There were so many new works that were receiving one performance and that
was the end of it, so they thought they’d give some works a second go-round.
The concept didn’t get very far, sorry to say. But it was a good idea.
BD: Is there any
chance that there are too many men and women writing concert music these
days?
FC: I don’t think
so! The more people that write, the higher the eventual quality is.

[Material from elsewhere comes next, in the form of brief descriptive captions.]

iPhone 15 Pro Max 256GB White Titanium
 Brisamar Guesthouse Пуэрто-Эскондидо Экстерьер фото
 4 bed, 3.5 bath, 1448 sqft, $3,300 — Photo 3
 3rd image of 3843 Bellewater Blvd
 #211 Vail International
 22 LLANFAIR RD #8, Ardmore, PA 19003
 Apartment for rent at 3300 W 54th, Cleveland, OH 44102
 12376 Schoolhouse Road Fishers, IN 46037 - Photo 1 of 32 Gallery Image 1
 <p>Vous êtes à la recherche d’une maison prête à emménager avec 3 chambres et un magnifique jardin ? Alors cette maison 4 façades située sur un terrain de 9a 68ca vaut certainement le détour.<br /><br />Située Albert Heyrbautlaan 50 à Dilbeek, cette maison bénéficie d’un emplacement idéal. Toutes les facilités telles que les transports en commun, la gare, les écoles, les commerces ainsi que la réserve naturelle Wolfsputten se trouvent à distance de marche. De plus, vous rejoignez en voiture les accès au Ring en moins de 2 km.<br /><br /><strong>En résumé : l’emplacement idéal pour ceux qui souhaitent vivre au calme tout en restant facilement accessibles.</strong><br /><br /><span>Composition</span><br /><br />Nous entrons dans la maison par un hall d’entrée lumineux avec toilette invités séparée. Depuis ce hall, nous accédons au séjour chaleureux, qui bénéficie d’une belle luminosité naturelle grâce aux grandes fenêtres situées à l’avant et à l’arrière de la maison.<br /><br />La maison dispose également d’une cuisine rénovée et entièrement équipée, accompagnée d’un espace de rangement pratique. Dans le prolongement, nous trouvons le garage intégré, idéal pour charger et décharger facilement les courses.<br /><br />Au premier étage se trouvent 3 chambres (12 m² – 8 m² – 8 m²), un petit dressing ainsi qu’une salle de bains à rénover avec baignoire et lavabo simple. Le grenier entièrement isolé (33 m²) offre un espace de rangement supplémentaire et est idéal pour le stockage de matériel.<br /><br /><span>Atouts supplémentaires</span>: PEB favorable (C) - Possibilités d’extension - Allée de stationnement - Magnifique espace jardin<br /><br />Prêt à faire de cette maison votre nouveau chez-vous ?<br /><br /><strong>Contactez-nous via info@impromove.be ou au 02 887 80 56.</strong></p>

It’s a field that is attracting a lot of people, many with enormous talents,
some with best talents, but that’s what makes for wonderful music.
BD: Why should
someone go into the field of composing for the concert audience?
FC: Well, of course
you obviously have to be slightly insane. You have to be rather impractical
by nature and hopelessly romantic. There are too many illogical reasons
for doing it.
BD: Somehow I assumed
that talent for composition would be first.
FC: Yes, but the
point is you’ve got to recognize the fact that you have the ability, and nothing
on earth is going to satisfy you except doing this thing. Assuming
that there’s some streak of rationality inside of you, you recognize the
fact that it’s not going to be the same as making a success as an athlete
or as a rock singer. If they make it to the top, they’ll make huge
piles of money. Remember Stravinsky himself never made a lot of money
as a composer. I was talking to somebody the other day about Stravinsky,
and how here in LA he used to complain because he made no money on
his guest appearances as a conductor. He certainly was no great shakes
as a conductor. He deluded himself that he was, but that’s where the
money was. You just can’t make any kind of marvelous living as a composer
without writing commercial music.
BD: Despite this,
are you optimistic about the future of concert music?
FC: Yes, I think
I am! There’s an audience for it. You just have to seek your
audience and hopefully find the audience. As I go to more and more
concerts over the years, I just see new people constantly showing up, new
audiences constantly being developed, and yes, I’m optimistic about it.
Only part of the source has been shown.